L'arrivée du Jason fut littéralement explosive, aussitôt sorti d'hyperespace, il déversa un flot de drones de combat qui éradiqua la flotte des Sauvages en seulement quelques minutes. Cette technologie de drones de combat avait été récupérée d'une mission scientifique. Une technologie des habitants du Cœur de la Galaxie retrouvée par hasard se fixa au vaisseau et l'équipa de ces drones. Toutes les tentatives des techniciens d'ARGOS afin de l'extraire échouèrent. Néanmoins, l'arme était sous le contrôle du vaisseau et ne présentait pas de risques. Les quelques données de l'Alliance concernant les habitants du Cœur faisaient mention de technologies abandonnées utilisables. Les créateurs de la Bibliothèque d'Agora, source des connaissances de l'Alliance sur la Galaxie, utilisaient déjà des technologies du Cœur plusieurs milliers d'années avant que l'Alliance ne récupère cette Bibliothèque et ne l'utilise comme capitale.
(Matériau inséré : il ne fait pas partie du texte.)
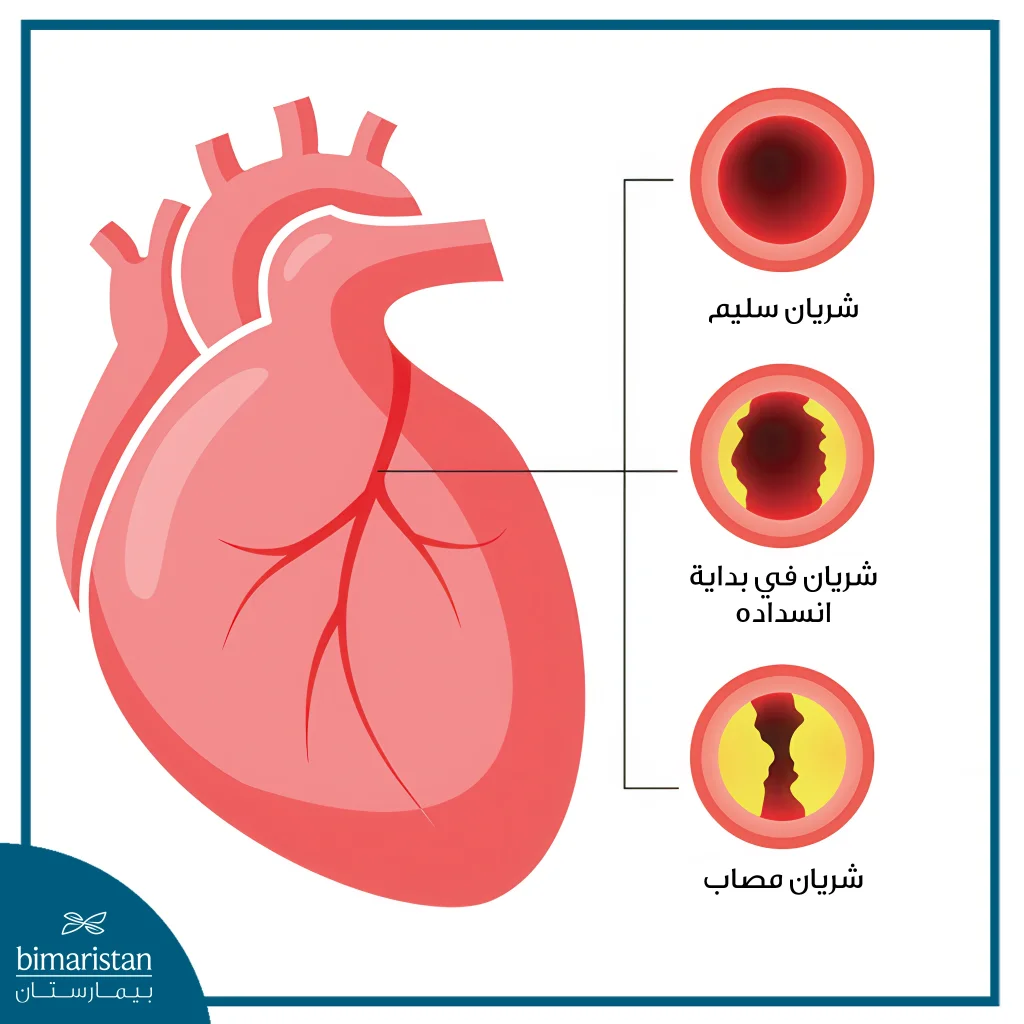 جراحة تحويل مسار الشريان التاجي 3 رسم توضيحي لمرض الشريان التاجي وكيف يظهر الشريان المصاب بالمقارنة مع الشريان السليم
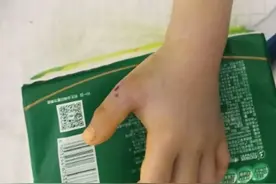 福建7岁女童被蛇咬，毒蛇潜藏玩具箱中！儿童被蛇咬伤如何自救？图片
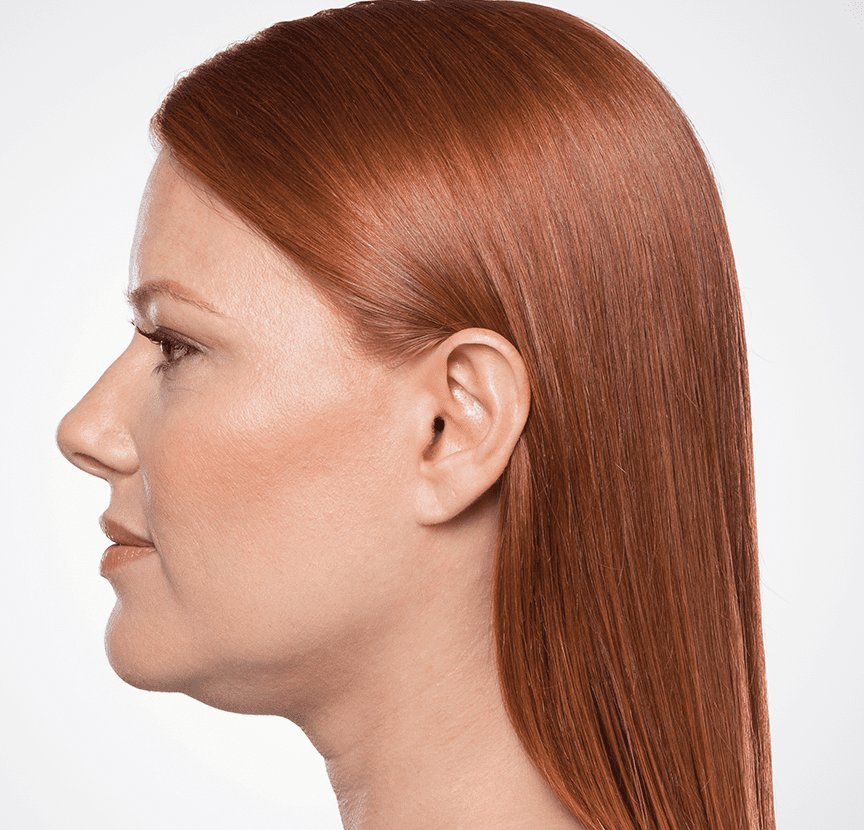 Get Rid of Double Chin Los Angeles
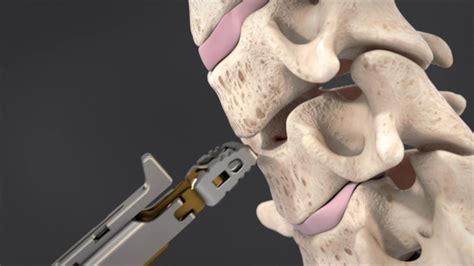 Role of Anterior Cervical Cage Suppliers in The Orthopedics Field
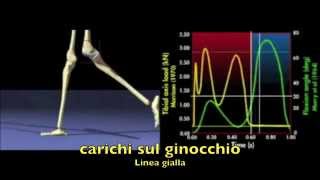 Analisi della deambulazione  carichi sul ginocchio [upl. by Seabrook265]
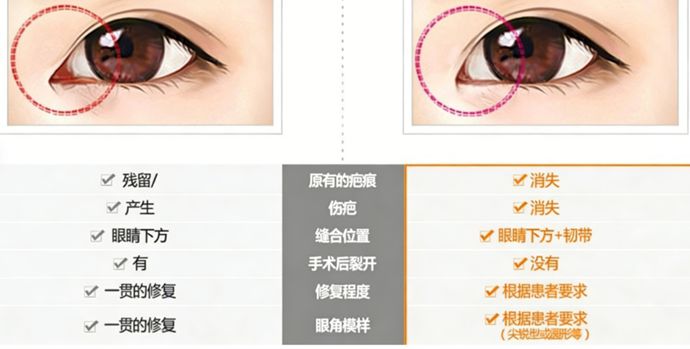 韓國EVE鄭潤載眼修復怎麼樣？技術評測、費用與真實案例深度解析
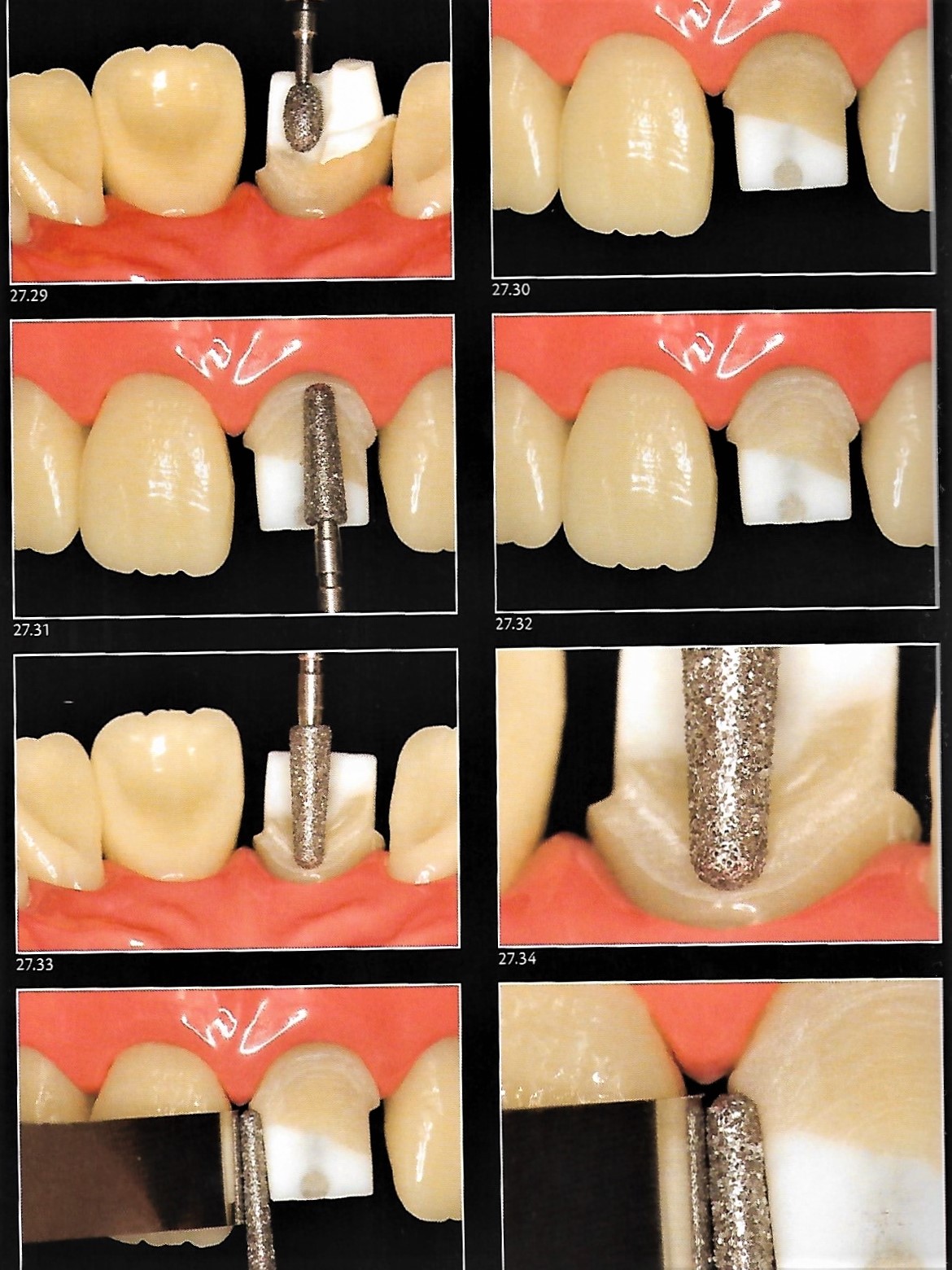 Anterior Crown Preparation Dental Esthetics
— Alors Thésée, des soucis avec les lézards ? Heureusement qu'on était dans le coin.
Comme beaucoup de capitaines d'ARGOS, celui du Jason avait participé à la guerre des Raids en compagnie du colonel Andersen. Avec l'aide des troupes du Jason le contrôle de la Station Epsilon fut vite repris. Il s'avérait que le vaisseau de combat devait se rendre sur la Station afin de se ravitailler. Au moment d'arriver, il détecta la présence des vaisseaux sauvages et du Thésée.
Mais un mystère demeurait toujours, pourquoi prendre le risque d'attaquer une station d'ARGOS en sachant pertinemment que deux des Argonautes seraient sur place au même moment. Une seule personne pouvait encore y répondre et grâce à la délicatesse du commandant, cette personne respirait encore.